HI @narendrago in your L function you are returning temp that has local scope to the function only
so if you will return something which has a local scope so it will create some problem
In addition to the solution provided (in C++) in the editorial, the python based solution is as follows:
def check_string_exist(data_string):
string_len = len(data_string)
if string_len == 1 or string_len == 2 or all(data_string[0] == c for c in data_string):
return True
is_exist = False
if not string_len % 2:
if all(data_string[0] == c for c in data_string[: : 2]) and all(data_string[1] == c for c in data_string[1: : 2]):
is_exist = True
return is_exist
def main():
for test in range(int(input().strip())):
print(f'{"YES" if check_string_exist(input().strip()) else "NO"}')

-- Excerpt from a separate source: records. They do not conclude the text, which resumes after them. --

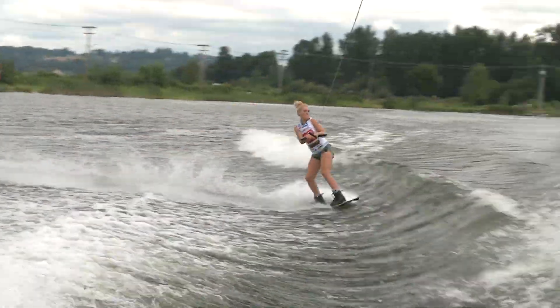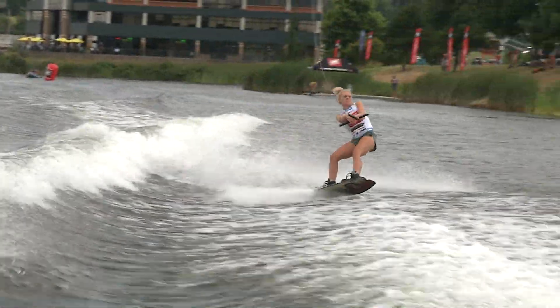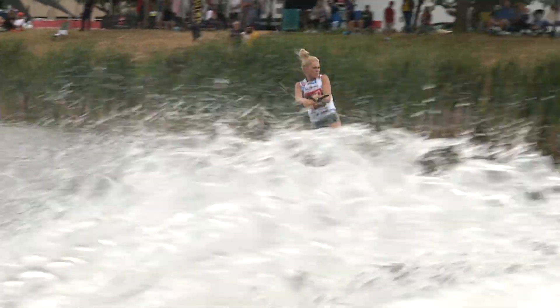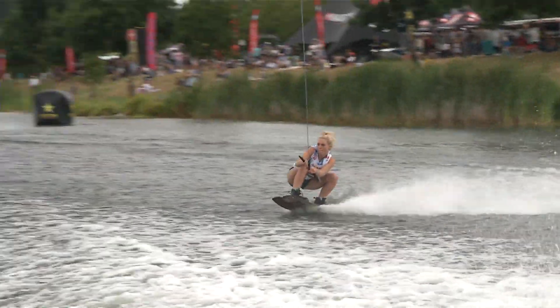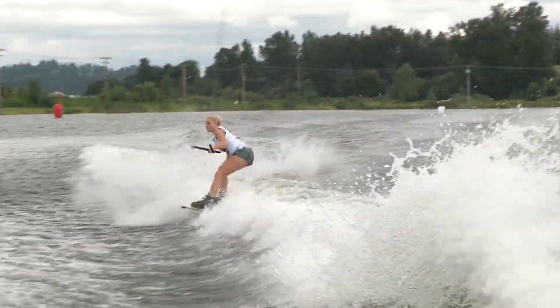Now coming back in on her heels, going upside down and all the way around — that's the whirlybird, the full twisting backflip. Now going back in opposite heels, cab 540.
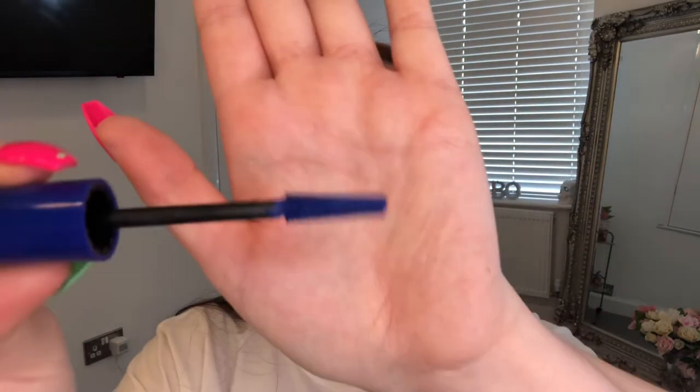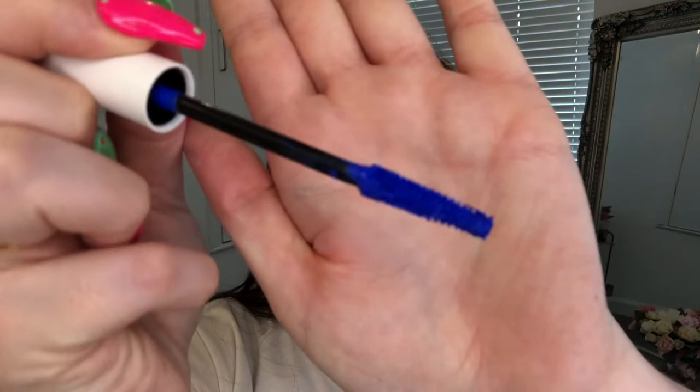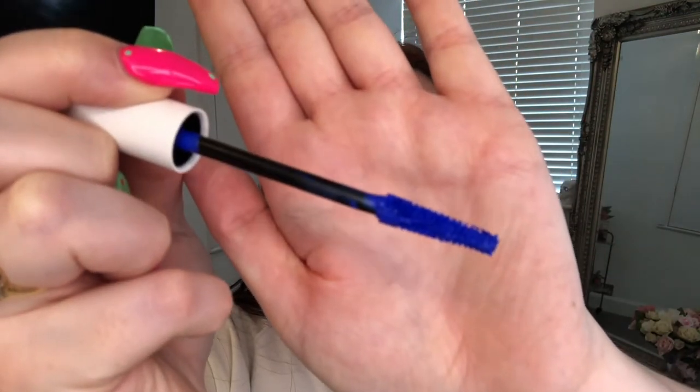So this is the mascara we're going to review — it's in shade navy. I was looking more for electric blue, but for three pounds I thought I definitely needed to give this a purchase. It reminds me of the Maybelline Sky High mascara, which I really like. When you compare it to the Morphe one — a lot comes off on the brush — that color is like electric blue, whereas this is navy.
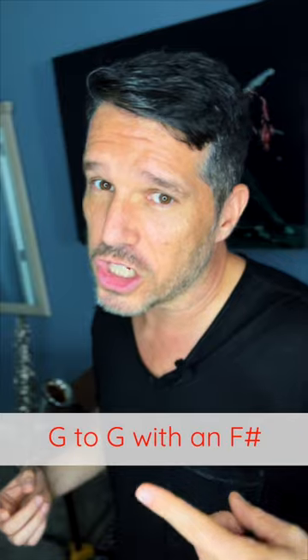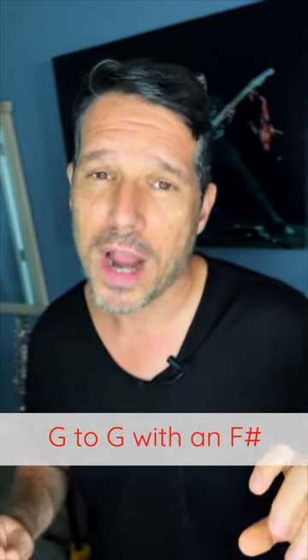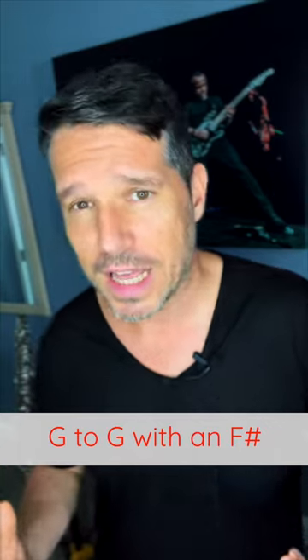For your G scale, it starts on a G, it goes up to a G, and all of your notes are natural except for F sharp, because you have an F sharp in the key signature.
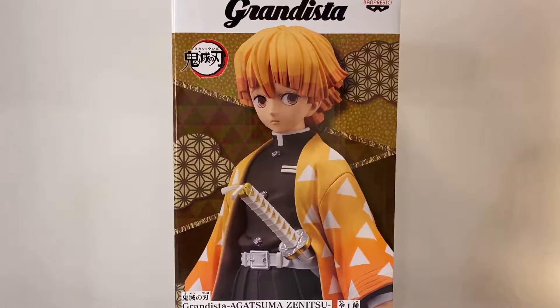What's up guys, how's it going? Thank you for stopping by for another unboxing showcase review. We have today a Banpresto Grandista statue from Demon Slayer — Zenitsu, what a funny character. I am so happy to have this figure. I do have the other Grandista statue of Tanjiro but I haven't opened it yet, so I just figured I'd start out with Zenitsu.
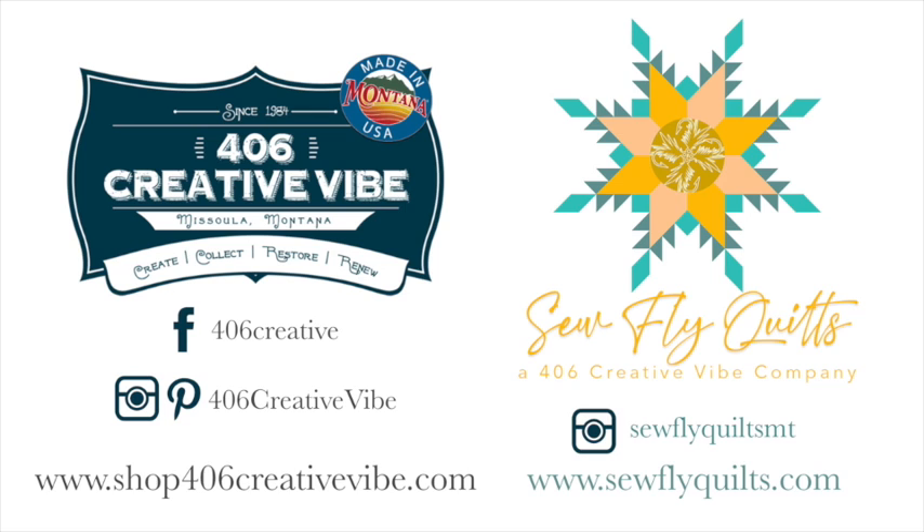If you found this tutorial helpful, please consider subscribing and sharing. You can also follow me on Facebook, Pinterest, and Instagram at 406 Creative Vibe as well as Sew Fly Quilts. Happy sewing and quilting!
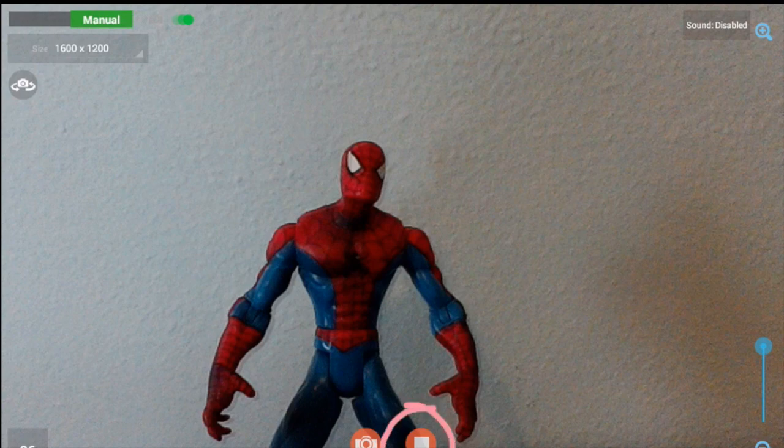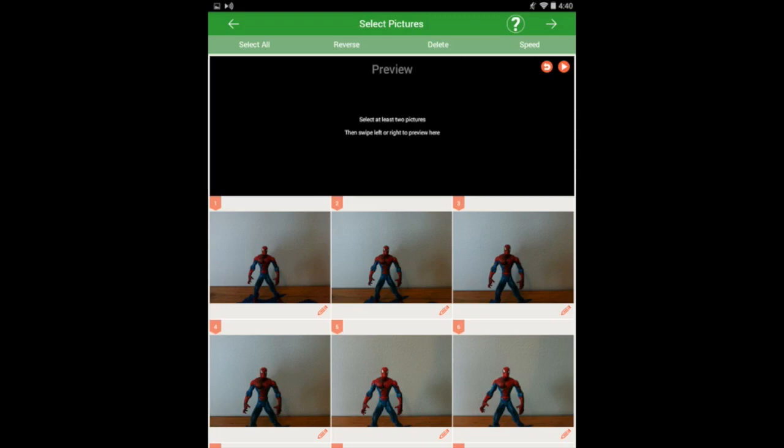That will indicate that I'm finished taking all of my pictures. On the right-hand side, it is nice to see that you have a Zoom option, so you can move this up and down to zoom in and out. Take your pictures, press the Stop button, and that'll take you to the Preview screen.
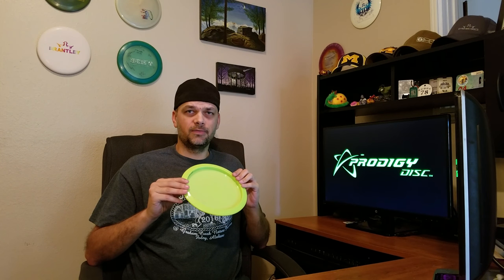If there's a disc that I would recommend you try from Prodigy first — if you've never thrown any of their fairways or any of their discs in general — pick up an F5. It's going to do work for you. It's going to be your go-to dead straight disc. You can throw it as hard as you want or power way down and it's still going to have a really nice, consistent flight.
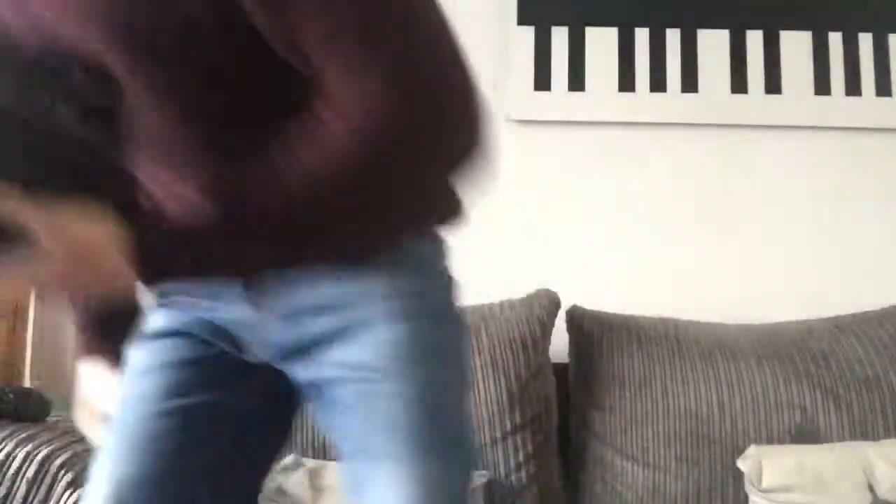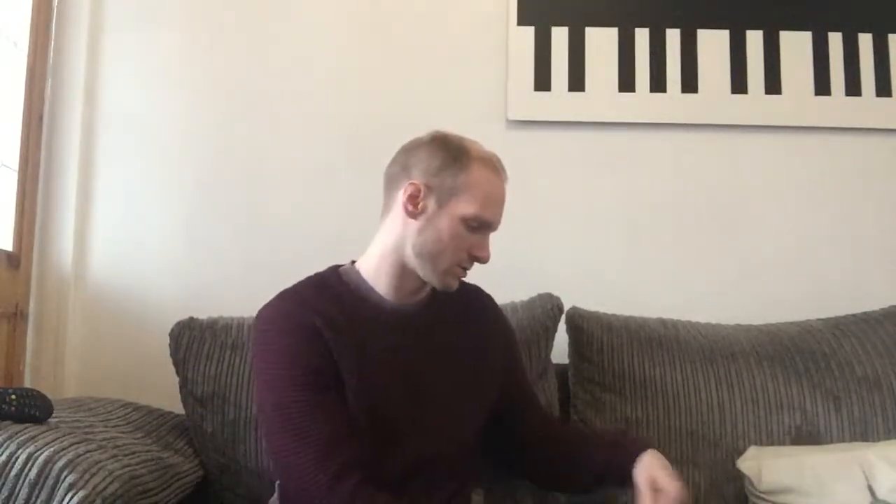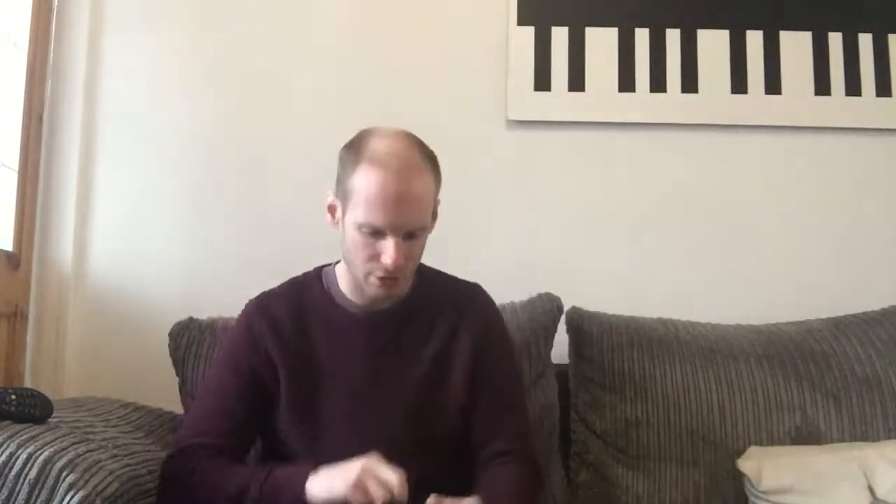So they come in a case like this. The light is not very good — I'll put the light on because it's just ridiculousness. Is it any better? Yes, it is. There we go. It comes in this good case, like I said. Excellent. It comes with a little pouch here which has got all your little things.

if __name__ == "__main__":
main()
For test-cases, go here: Competitive-Programming/Code-Chef/Chef-and-String at master · strikersps/Competitive-Programming · GitHub
#include
#include<string.h>
using namespace std;
int main()
{
int t,i;
cin>>t;
for(i=0;i<t;i++)
{
string s,r,l,v;
int l1,j,x,flag=0;
cin>>s;
l1=s.length();
if(l1==1)
{
cout<<"YES\n";
}
else
{
for(j=0;j<l1;j++)
{
for(x=0;x<l1;x++)
{
if(s[j]!=s[x])
{
flag=1;
break;
}
}
}
if(flag==0)
{
cout<<"YES\n";
}
else
if(l1%2==0)
{
for(j=0;j<l1/2;j++)
{
if(s[j]!=s[j+2])
{
flag=0;
}
}
if(flag==1)
{
cout<<"YES\n";
}
else
{
cout<<"NO\n";
}
}
else
{
cout<<"NO\n";
}}
}
return 0;
}
pls help…idk what im missing here?
// Whats wrong in the code ! thanks
import java.util.;
import java.lang.;
class Rep
{
public static void main(String args[])
{
LinkedList<Character> Left = new LinkedList<>();
LinkedList<Character> Right = new LinkedList<>();
LinkedList<String> value = new LinkedList<>();
String s ;
int loopnumber ;
Scanner s1 = new Scanner (System.in);
// Entering the string
// s = s1.next();
String s2="";
loopnumber = s1.nextInt();
while(loopnumber > 0)
{
s = s1.next();
for(int i=0;i<s.length()-1;i++)
{
Left.add(s.charAt(i));
}
// for converting this string into the left size //
//char c = s.charAt(n-1);
Left.add(0,s.charAt(s.length()-1));
//System.out.println(Left);
for(int i=0;i<s.length()-1;i++)
{
Right.add(s.charAt(i+1));
}
int n = Right.size();
Right.add(n,s.charAt(0));
//System.out.println(Right);
if(Left.equals(Right))
{
s2 = "YES";
}
else
{
s2 = "NO";
}
value.add(s2);
Right.clear();
Left.clear();
loopnumber-- ;
}
System.out.print(value);
}
}
#include <stdio.h>
#include<string.h>
int main(void) {
// your code goes here
int t,n,i,j,c=0;
scanf("%d",&t);
char s[1000000],v1[1000000],v2[1000000];
for(i=0;i<t;i++)
{
scanf("%s",&s);
n=strlen(s);
v2[n-1]=s[0];
v1[0]=s[n-1];
for(j=1;j<n;j++)
{
v1[j]=s[j-1];
v2[j-1]=s[j];
}
for(j=0;j<n;j++)
{
if(v1[j]!=v2[j])
{c++;
break;}
}
if(c==0)
printf(“YES\n”);
else
printf(“NO\n”);
}
return 0;
}
This shows wrong answer but when i checked with custom inputs, I got right answers. can some one explain why?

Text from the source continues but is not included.